One year ago the iEngage team expanded the project to address a challenge for Christian engagement with Israel. Drawing together a group of Christian academics and theologians who have years of experience at the Shalom Hartman Institute in the yearly Theology Conference or CLI (
Christian Leadership Initiative),
New Paths: Christians Engaging Israel is in development in partnership with the Lutheran-affiliated Muhlenberg College in Allentown PA to provide its first course, entitled "Memories, Meanings, and Hopes."
New Paths will lead North American Christians into engaging contemporary Israel in its complexity through a paradigm and process that draws on Christian religious identity, that is not based in crisis, and that provides an alternative to other paradigms currently available, such as liberation theology and Christian Zionism.
As iEngage has examined issues that have challenged Jewish engagement with Israel, this first course of New Paths: Christians Engaging Israel speaks to stumbling blocks for Christians.
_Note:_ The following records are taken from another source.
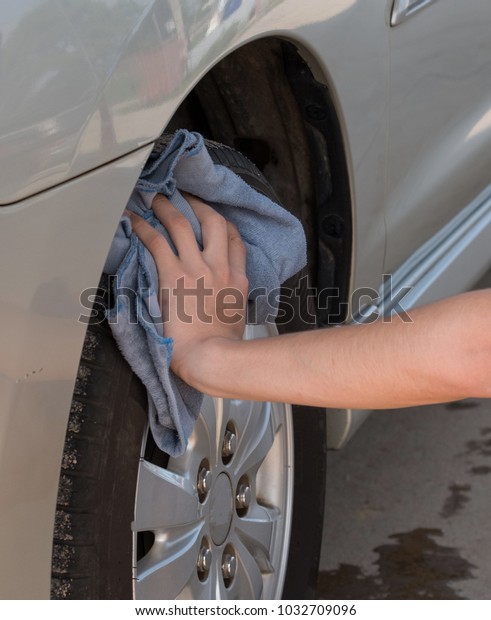  Close up  Car wash . Hand of worker car washing\
alloy wheels on a car wash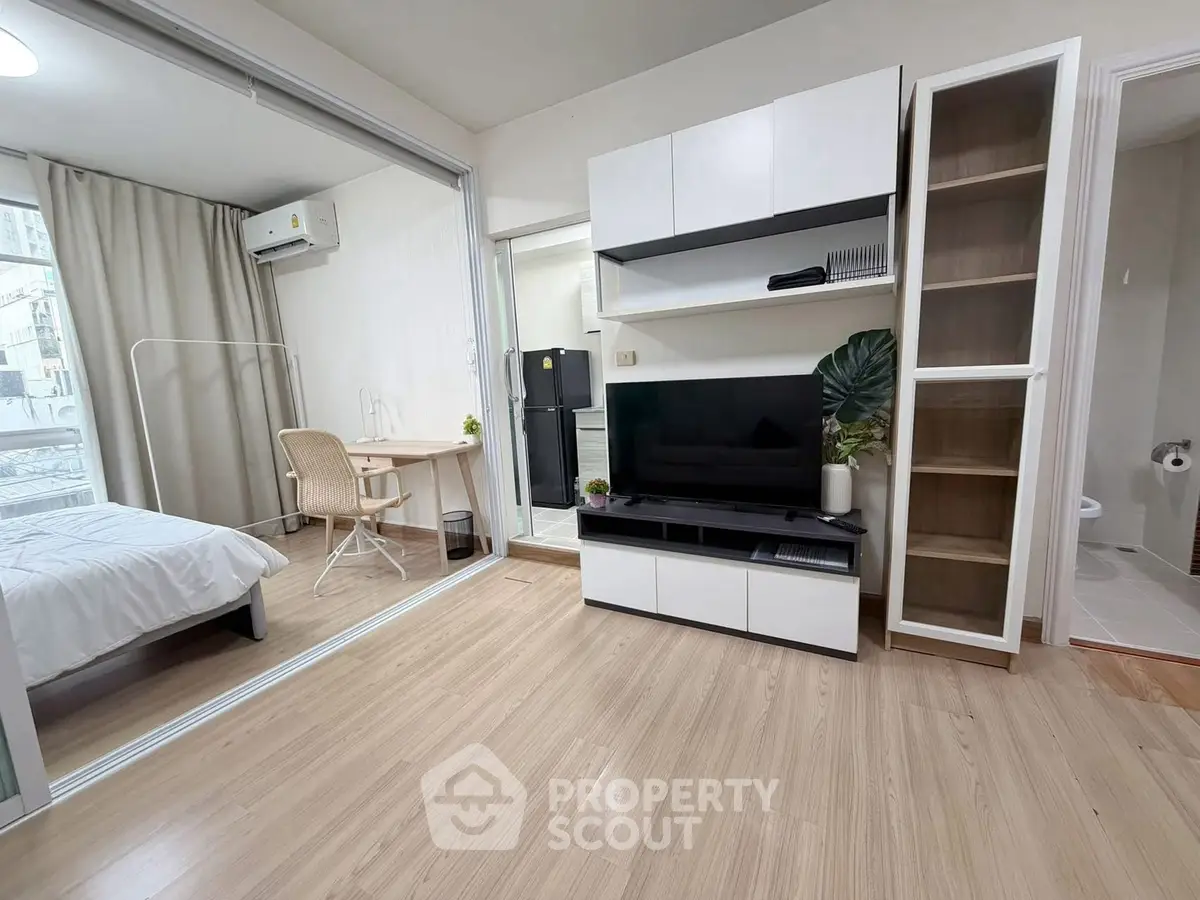 Modern apartment interior with open living room and bedroom, featuring sleek furniture and natural light.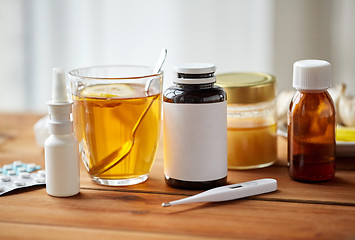 Image showing drugs, thermometer, honey and cup of tea on wood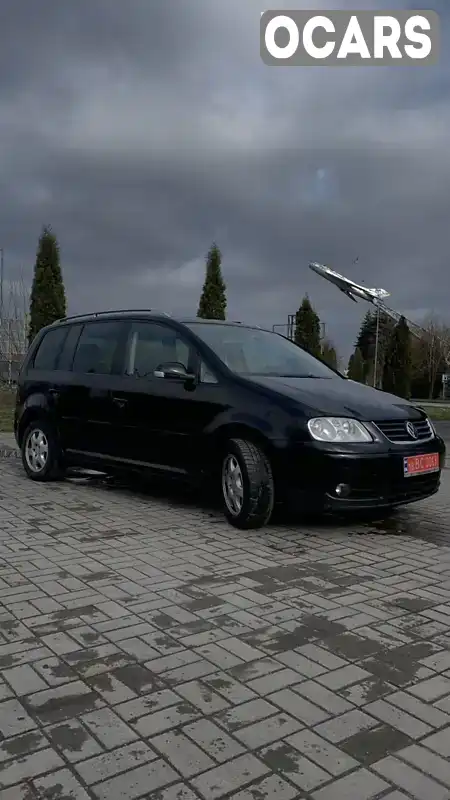 Минивэн Volkswagen Touran 2006 1.4 л. Ручная / Механика обл. Ровенская, Дубно - Фото 1/11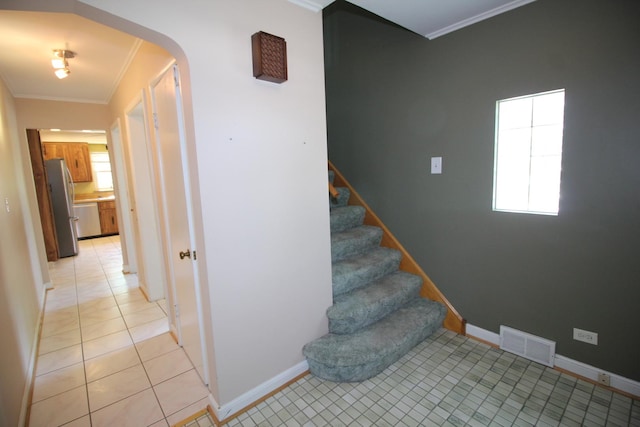 3415 W Maple St, Evergreen Park, IL 60805 - staircase with crown molding, healthy amount of natural light, arched walkways, and tile patterned flooring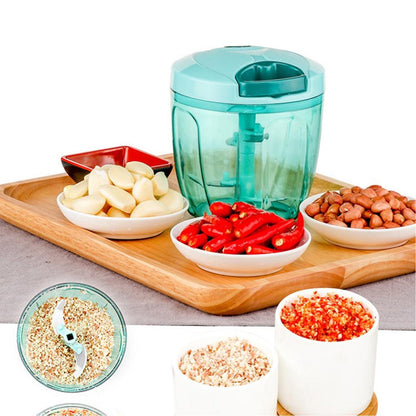 Manual stainless steel vegetable chopper with bowls of chopped garlic, chilies, and peanuts on a wooden tray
These include idealizing the Holy Land to a degree that sets impossible standards for real life, as well as the long and persistent history of Christian teaching that Jews deserve and are destined to live perpetually in exile. While many churches have been satisfied simply to repudiate this “teaching of contempt,” New Paths will build on creative theology that moves beyond it, offering a foundation for more constructive Christian engagement with Israel.
Participants in New Paths will learn how Jews understand exile and return in various ways, and the many meanings of the State of Israel for the Jewish people. Engaging fully with the reality of modern Israel, Christians must understand the diversity of Israel’s non-Jewish residents, with their distinctive relationships to Israel, so the voices of Palestinian Muslims and Christians are heard in New Paths alongside those of Jews.
"Memories, Meanings, and Hopes," the first product of New Paths, due out early in 2013, will include a six-part adult education course for use in churches, as well as an expanded for-credit course for use in divinity schools and universities. Through them, Christians will be invited and introduced to a sustained engagement with Israel in its contemporary reality and its complex challenges.